USS Gleaves underway on 18 June 1941
|Preceded by:||Benson class|
|Succeeded by:||Fletcher class|
|Class and type:||Destroyer|
|Length:||348 ft 3 in (106.15 m)|
|Beam:||36 ft 1 in (11.00 m)|
|Draft:||13 ft 2 in (4.01 m)|
|Speed:||37.4 knots (69 km/h) 43 mph|
|Range:||6,500 nautical miles (12,000 km; 7,500 mi) at 12 kn (22 km/h; 14 mph)|
|Complement:||16 officers, 260 enlisted|
The Gleaves-class destroyers were a class of 66 destroyers of the United States Navy built 1938–42, designed by Gibbs & Cox. The first ship of the class was USS Gleaves. They were the production destroyer of the US Navy when it entered World War II.
The Gleaves class were initially specified as part of a 24-ship Benson class authorized in fiscal years 1938–40; however, Bethlehem Shipbuilding requested that the six ships designed by them use less complex machinery. Initially, Gleaves and Niblack, although designed by Gibbs & Cox and built by Bath Iron Works, were to follow the Benson design. This temporarily made Livermore the lead ship with more complex machinery, so the class was initially called the Livermore class, and this name persisted through World War II. However, it soon proved possible for Gleaves and Niblack to be built to the Livermore design. Since Gleaves was completed before Livermore and had a lower hull number, the class is more correctly the Gleaves class. Eighteen of these were commissioned in 1940–41. The remaining 48 “repeat Gleaveses” were authorized in 1940–42. These plus the 16 "repeat Bensons" were also known at the time as the Bristol class, after USS Bristol. During World War II the Bensons were usually combined with the Livermores (more correctly the Gleaves class) as the Benson-Livermore class; this persisted in references until at least the 1960s. The classes are now called the Benson-Gleaves class. In some references both classes are combined and called the Benson class. The Benson- and Gleaves-class destroyers were the backbone of the pre-war Neutrality Patrols and brought the action to the enemy by participating in every major naval campaign of the war.

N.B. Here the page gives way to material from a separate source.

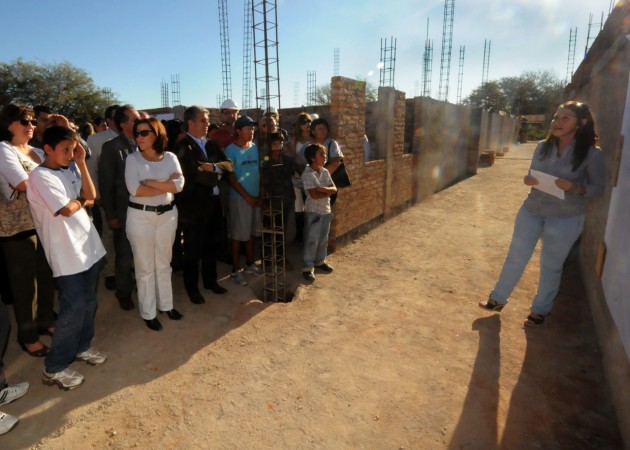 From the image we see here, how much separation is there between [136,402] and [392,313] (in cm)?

The Bensons were originally envisioned as a single class of 24 ships, the first eight of which were ordered in fiscal year 1938 (FY38). Six of these were designed by Bethlehem Shipbuilding, to be built at a Bethlehem yard and several naval shipyards, and two were designed by Gibbs & Cox, to be built at Bath Iron Works. All were to have 600 psi (4,100 kPa) steam (references vary) superheated to 750 °F (399 °C), with cruising turbines and double-reduction gearing to maximize fuel efficiency. After contract award, Bethlehem requested that their design be modified to use less-complex single-reduction gears and no cruising turbines. Bethlehem claimed they could achieve comparable fuel efficiency with the simpler machinery. This request was granted, but FY39 and FY40 ships, beginning with Livermore, would use the more complex machinery. So the class was known through World War II as the Benson-Livermore class, and this name persisted in many references until at least the 1960s. In the spring of 1938 the Navy's Bureau of Steam Engineering requested that the FY39 and FY40 ships be modified for 850 °F (454 °C) superheat. It proved possible for Bath to build their two FY38 ships, Gleaves and Niblack, to the new design. Gleaves was completed prior to Livermore and had a lower hull number, thus the class name is more correctly the Benson-Gleaves class.

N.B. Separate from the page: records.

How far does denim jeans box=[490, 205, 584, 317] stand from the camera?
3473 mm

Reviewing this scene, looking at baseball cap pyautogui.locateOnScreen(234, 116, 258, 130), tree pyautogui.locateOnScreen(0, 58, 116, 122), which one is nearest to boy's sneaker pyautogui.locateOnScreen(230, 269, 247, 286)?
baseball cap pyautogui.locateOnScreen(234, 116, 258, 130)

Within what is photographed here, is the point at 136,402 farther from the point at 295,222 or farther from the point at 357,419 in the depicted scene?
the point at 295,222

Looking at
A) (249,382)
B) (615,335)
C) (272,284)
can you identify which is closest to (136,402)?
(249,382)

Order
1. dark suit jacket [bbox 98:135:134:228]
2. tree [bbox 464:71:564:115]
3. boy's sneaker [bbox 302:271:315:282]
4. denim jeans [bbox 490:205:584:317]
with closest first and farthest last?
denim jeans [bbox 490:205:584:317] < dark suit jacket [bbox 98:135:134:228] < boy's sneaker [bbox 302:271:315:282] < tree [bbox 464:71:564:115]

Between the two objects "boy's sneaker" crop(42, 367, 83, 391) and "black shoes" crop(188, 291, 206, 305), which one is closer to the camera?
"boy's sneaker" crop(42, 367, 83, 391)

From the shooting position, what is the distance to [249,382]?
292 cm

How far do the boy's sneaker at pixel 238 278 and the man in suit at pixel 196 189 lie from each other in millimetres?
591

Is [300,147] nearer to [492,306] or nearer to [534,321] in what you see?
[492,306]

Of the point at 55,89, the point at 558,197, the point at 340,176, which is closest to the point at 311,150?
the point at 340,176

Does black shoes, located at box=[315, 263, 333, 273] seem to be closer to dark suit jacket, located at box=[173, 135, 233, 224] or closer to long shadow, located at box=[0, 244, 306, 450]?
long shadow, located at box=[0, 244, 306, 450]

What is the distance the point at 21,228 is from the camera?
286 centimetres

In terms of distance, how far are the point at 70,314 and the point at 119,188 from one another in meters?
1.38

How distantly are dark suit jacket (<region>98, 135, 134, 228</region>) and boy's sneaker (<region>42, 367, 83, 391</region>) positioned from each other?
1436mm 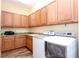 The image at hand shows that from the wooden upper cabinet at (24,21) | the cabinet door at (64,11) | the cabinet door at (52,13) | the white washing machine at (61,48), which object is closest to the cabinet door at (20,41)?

An external difference between the Benson and Gleaves classes was the shape of the stacks; the Bensons' were flat-sided and the Gleaves were round. The Gleaves-class portholes on the forecastle were omitted in the Benson-class.
After the Fall of France in 1940 a rapid expansion of the Navy was envisioned. To fill the gap until the Fletcher-class destroyers would be ready for service, an additional 72 "repeat" Benson- and Gleaves-class ships were ordered in FY41 and FY42. 24 repeat Bensons were built by several Bethlehem yards, while an additional 48 repeat Gleaves were built by various other builders. These were initially called the Bristol class after Bristol, a repeat Gleaves and the first of these to be completed, although the machinery of the repeat Bensons was different from the repeat Gleaveses. The repeat ships were ordered with reduced torpedo and gun armament and increased anti-submarine and light anti-aircraft armament.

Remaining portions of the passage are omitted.